(Stored records)
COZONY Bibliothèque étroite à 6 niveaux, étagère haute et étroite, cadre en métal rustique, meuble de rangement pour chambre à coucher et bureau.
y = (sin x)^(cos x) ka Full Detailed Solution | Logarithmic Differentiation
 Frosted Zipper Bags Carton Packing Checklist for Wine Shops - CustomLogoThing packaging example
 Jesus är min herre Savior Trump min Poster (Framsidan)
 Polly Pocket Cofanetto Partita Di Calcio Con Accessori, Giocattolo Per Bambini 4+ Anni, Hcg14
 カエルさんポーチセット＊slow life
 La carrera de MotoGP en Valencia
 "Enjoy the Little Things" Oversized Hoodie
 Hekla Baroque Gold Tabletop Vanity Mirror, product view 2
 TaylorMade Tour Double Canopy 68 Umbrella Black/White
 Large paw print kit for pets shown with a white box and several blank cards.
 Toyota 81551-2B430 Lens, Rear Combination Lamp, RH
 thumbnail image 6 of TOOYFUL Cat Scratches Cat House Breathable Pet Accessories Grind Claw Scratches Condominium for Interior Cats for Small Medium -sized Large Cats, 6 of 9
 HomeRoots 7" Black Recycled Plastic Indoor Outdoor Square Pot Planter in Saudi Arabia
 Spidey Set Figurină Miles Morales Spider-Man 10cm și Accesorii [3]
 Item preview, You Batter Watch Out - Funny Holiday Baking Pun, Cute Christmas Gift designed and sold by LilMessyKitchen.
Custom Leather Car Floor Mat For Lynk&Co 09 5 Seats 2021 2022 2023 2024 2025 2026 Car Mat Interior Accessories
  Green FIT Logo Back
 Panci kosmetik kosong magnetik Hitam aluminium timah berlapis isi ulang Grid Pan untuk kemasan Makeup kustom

* **Prompt**:
The line containing "Item preview, You" marks where to begin; copy it and every later line exactly, through the end of the data.

* **Written solution**:
 Item preview, You Batter Watch Out - Funny Holiday Baking Pun, Cute Christmas Gift designed and sold by LilMessyKitchen.
Custom Leather Car Floor Mat For Lynk&Co 09 5 Seats 2021 2022 2023 2024 2025 2026 Car Mat Interior Accessories
  Green FIT Logo Back
 Panci kosmetik kosong magnetik Hitam aluminium timah berlapis isi ulang Grid Pan untuk kemasan Makeup kustom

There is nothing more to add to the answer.